Sep 23 23:20:07 solaris-10-sparc scsi: [ID 365881 kern.info] /pci@400/pci@0/pci@8/scsi@0 (mpt0):
Sep 23 23:20:07 solaris-10-sparc      mpt0: IOC Operational.
bash-3.2#

Should it be system firmware (SysFW 7.4.11), which should update mpt driver as well ?
It is Netra T5440 and I see this on your link - Firmware Downloads and Release History for Oracle Server Systems

MadeInGermany · October 13, 2023, 7:41am

Good question.
Could be included in the general FW patch, or has been integrated in the kernel patch. In the latter case it is also included in a "recommended patch set".
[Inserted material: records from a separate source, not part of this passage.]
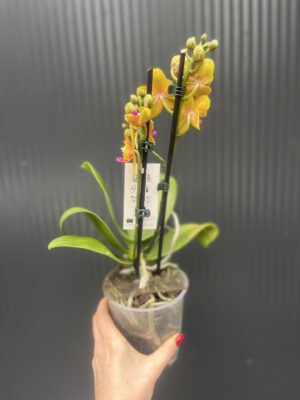 Phalaenopsis Lioulin Orange peloric | Storczyk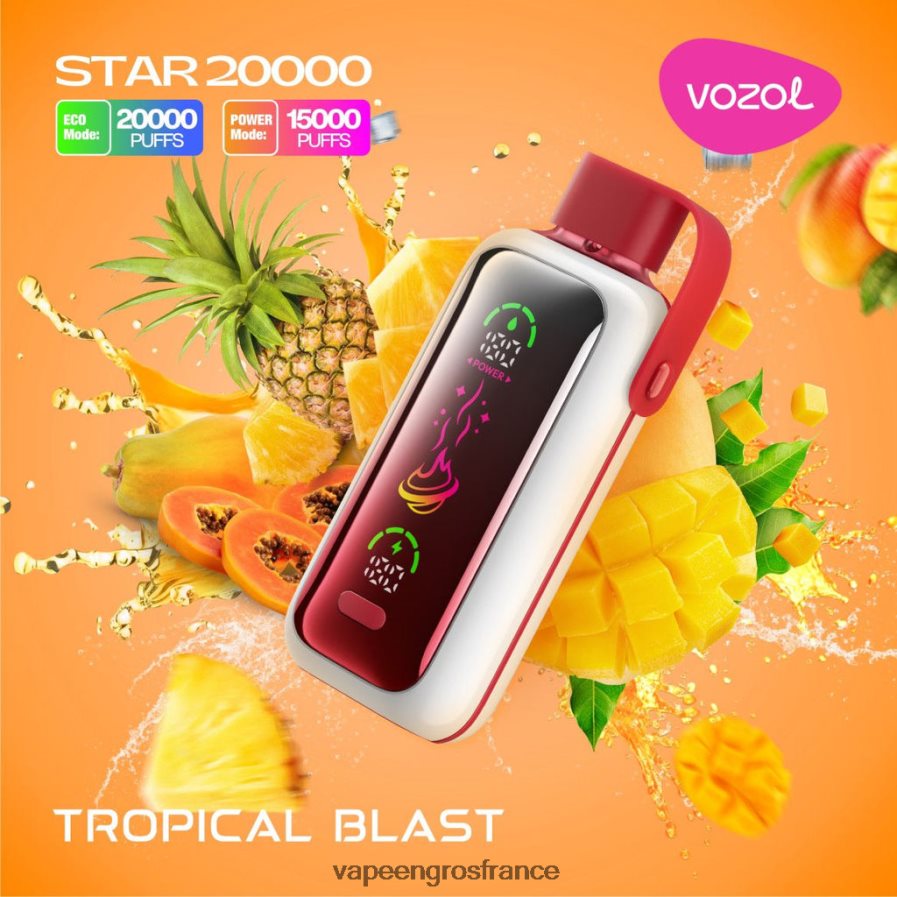 Vape France Paris explosion tropicale 6Z40662 VOZOL STAR 20000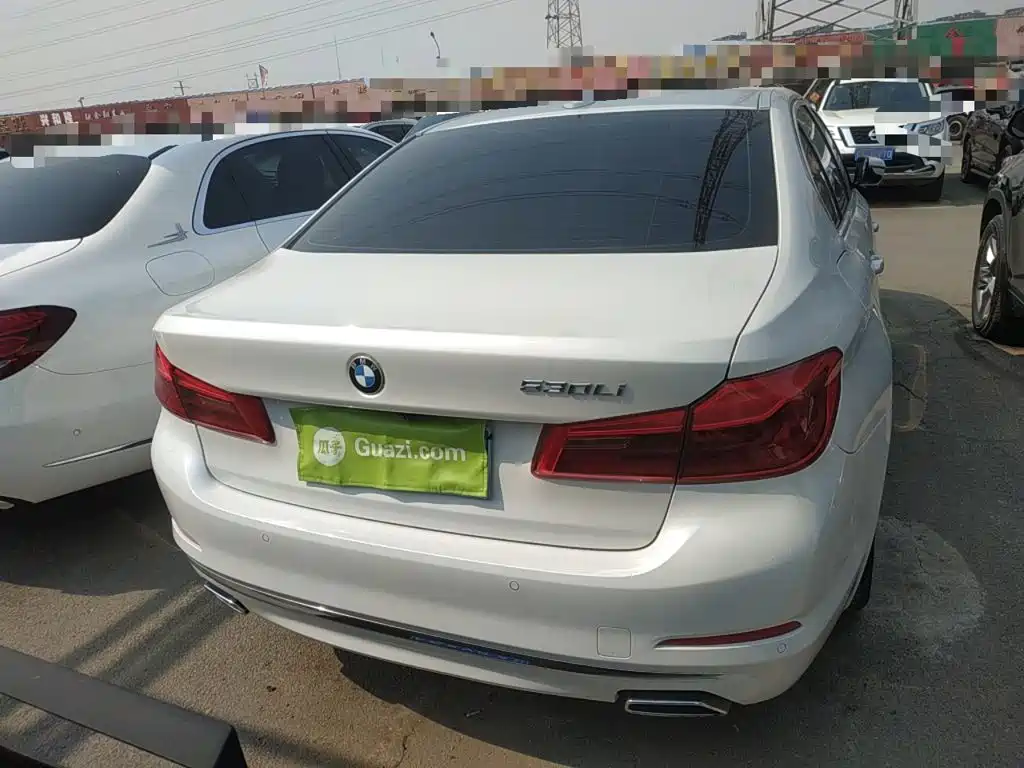 BMW 5 Series 5 2020 525Li Luxury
The term "reserved" leads to another idea of a root cause. Do you have LDOMs configured that can access the same disk?

hicksd8 · October 13, 2023, 9:28am

solaris_1977:

analyze> read
Ready to analyze (won't harm SunOS). This takes a long time,
but is interruptable with CTRL-C. Continue? y

        pass 0
   651/2/824

Warning:Drive may be reserved or has been removed, aborting surface analysis.
analyze>

Yes, that is correct. Whether it's a hardware RAID1 or a software RAID1 the system will lock out the mirror so that it cannot be addressed for any other purpose. The RESERVED flag (on the disk mode page) is also used by cluster members to take ownership of a disk.

The RESERVED flag can be reset with a utility but that wouldn't be advisable in a rpool mirror.

What happens if you 'analyze' the primary disk of the pair?

system · October 23, 2023, 9:28am

This topic was automatically closed 10 days after the last reply. New replies are no longer allowed.